Transcriptions and Annotations

Conversational data formatted in CHAT provides transcriptions with rich annotations for both linguistic and extra-linguistic information. PyLangAcq is designed to extract data and annotations in CHAT and expose them in Python data structures for flexible modeling work. This page explains how PyLangAcq represents CHAT data and annotations.

CHAT Format

To see how the CHAT format translates to PyLangAcq, let’s look at the very first two utterances in Eve’s data in the American English Brown dataset on CHILDES (data file: Brown/Eve/010600a.cha), where apparently Eve demands cookies in the first utterance and her mother responds with a question for confirmation in the second utterance:

*CHI:       more cookie . [+ IMP]
%mor:       qn|more n|cookie .
%gra:       1|2|QUANT 2|0|INCROOT 3|2|PUNCT
%int:       distinctive , loud
*MOT:       you 0v more cookies ?
%mor:       pro:per|you 0v|v qn|more n|cookie-PL ?
%gra:       1|2|SUBJ 2|0|ROOT 3|4|QUANT 4|2|OBJ 5|2|PUNCT

PyLangAcq handles CHAT data by paying attention to the following:

  • Participants: The two participants are CHI and MOT. In CHILDES, it is customary to denote the target child (i.e., Eve in this example) by CHI and the child’s mother by MOT. The asterisk * that comes just before the participant code signals a transcription line. Each utterance must begin with the transcription line.

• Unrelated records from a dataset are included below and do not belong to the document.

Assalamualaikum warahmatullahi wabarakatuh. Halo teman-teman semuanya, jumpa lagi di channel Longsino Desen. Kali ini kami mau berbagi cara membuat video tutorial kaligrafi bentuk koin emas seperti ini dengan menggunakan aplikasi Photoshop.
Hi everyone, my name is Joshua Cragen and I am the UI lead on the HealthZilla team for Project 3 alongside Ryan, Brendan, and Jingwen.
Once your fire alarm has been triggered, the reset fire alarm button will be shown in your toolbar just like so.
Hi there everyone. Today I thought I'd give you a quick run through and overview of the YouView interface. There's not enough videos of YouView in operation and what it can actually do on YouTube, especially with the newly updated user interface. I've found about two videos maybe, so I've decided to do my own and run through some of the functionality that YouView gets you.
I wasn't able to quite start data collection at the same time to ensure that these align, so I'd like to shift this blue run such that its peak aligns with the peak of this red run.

  • Transcriptions: The two transcription lines are more cookie . [+ IMP] from Eve and you 0v more cookies ? from her mother. The transcriptions are word-segmented by spaces (even for languages that don’t have such orthographic conventions as English does). Punctuation marks are also treated as “words”. Annotations such as [+ IMP] and 0v here can be found in transcriptions.

  • Dependent tiers: Between one transcription line and the next one, there are often what’s known as dependent tiers, signed by %, associated with the transcription line just immediately above; Eve’s utterance has the dependent tiers %mor (morphological information), %gra (grammatical relations), and %int (intonation), whereas Eve’s mother’s has only %mor and %gra. Although certain dependent tiers are more standardized and more commonly found in CHILDES datasets (especially %mor and %gra), none of the dependent tiers are obligatory in a CHAT utterance.

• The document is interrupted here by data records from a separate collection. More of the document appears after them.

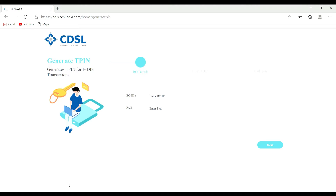First, I am going to use Chrome site. You can also use CDSL. Type in your website and you will be able to generate TIN.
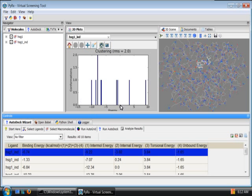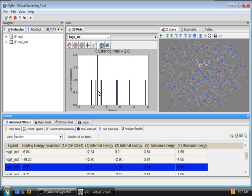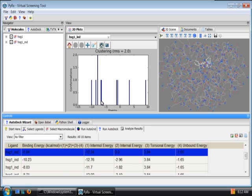You can navigate the docking by clicking on any of these bars here and it will update appropriate conformation on the 3D viewer and select appropriate row from this table.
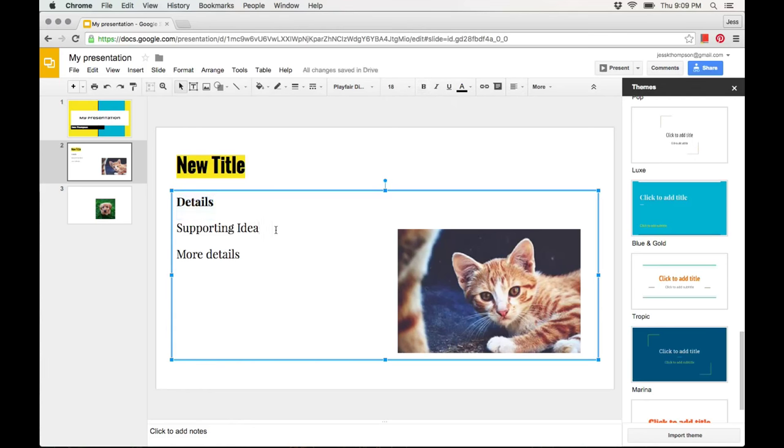To make the text slant or italicized, click on the I.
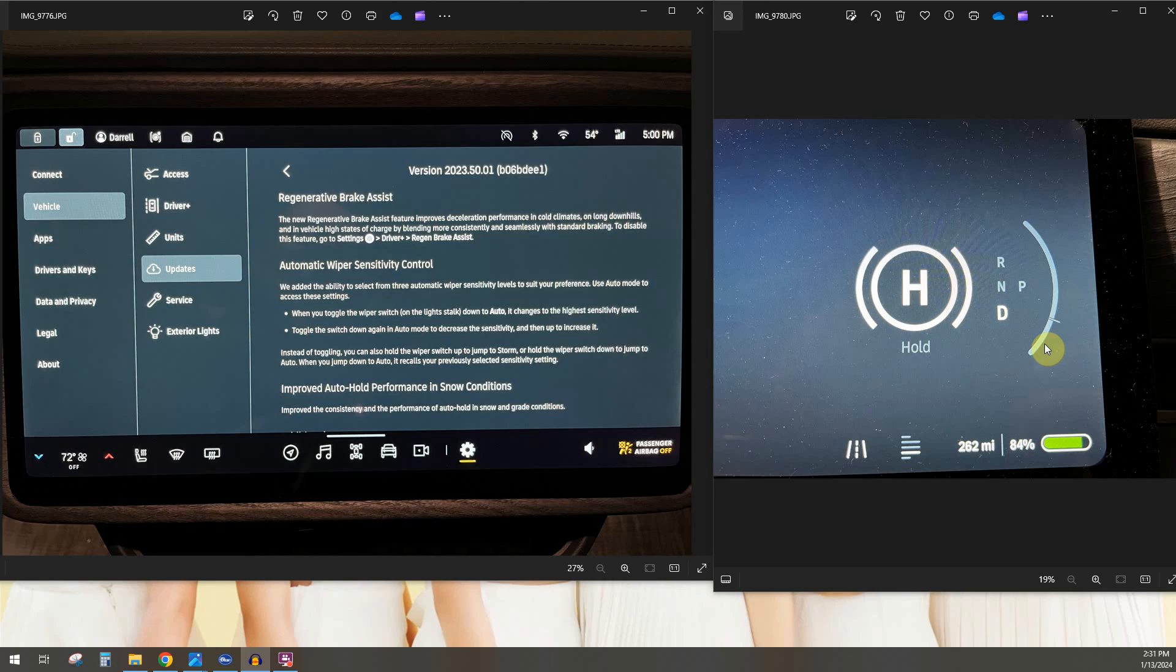So what happens is when it's cold outside or the battery is kind of cold, sometimes regen will be limited. You'll know because on this regen bar you'll see that part of it is shaded. Just depending on the battery, it could be the entire thing, it could be 75 percent, 50 percent, whatever.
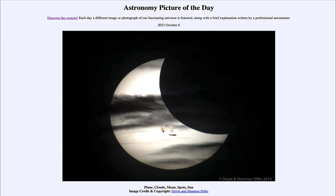This eclipse was from 2014, so nine years ago. However, there is another eclipse coming up in just a week. Next Saturday there will be an annular eclipse visible from parts of North and South America. If you're on the path of maximum eclipse, you will see most of the sun blocked out — the moon will be directly in front of the sun but not quite large enough to block out the entirety of the sun.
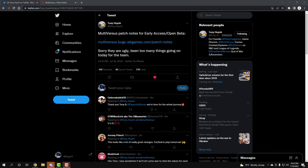What's going on guys, it is your boy Bugs. Tony just blessed us with the patch notes for the early access of Multiverse of Tomorrow, and let's get straight into the video guys.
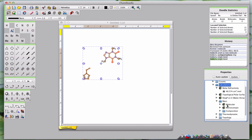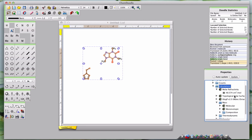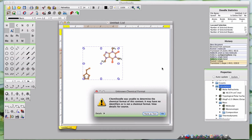You can copy data from the Properties Widget by right-clicking on any item in the tree and selecting Copy, then paste the information to your desired location.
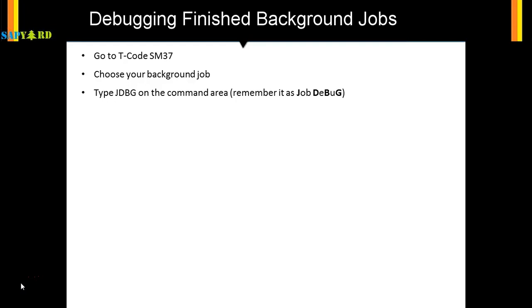I remember it as job debug—J for job and DBG for debug. You can remember it any way, but this is not the normal slash H. You know that slash H is for debugging, but for debugging background jobs you have to use jdbg.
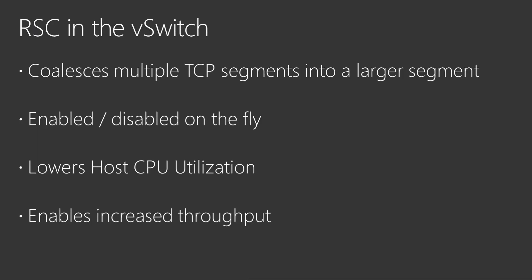RSC in the vSwitch improves performance when processing network traffic by coalescing multiple TCP segments into fewer but larger segments. Depending on the scenario, this results in lower host CPU utilization or higher throughput to the virtual NIC.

  • The %mor tier: The morphological information aligns one-to-one to the segmented words (including punctuation marks) in the transcription line; annotations in the transcription line are ignored. In each item of %mor, the part-of-speech tag is on the left of the pipe |, e.g., qn for a nominal quantifier in qn|more aligned to more in Eve’s line. Inflectional and derivational information is on the right of |, e.g., cookie-PL for the plural form of “cookie” in n|cookie-PL aligned to cookies in Eve’s mother’s line.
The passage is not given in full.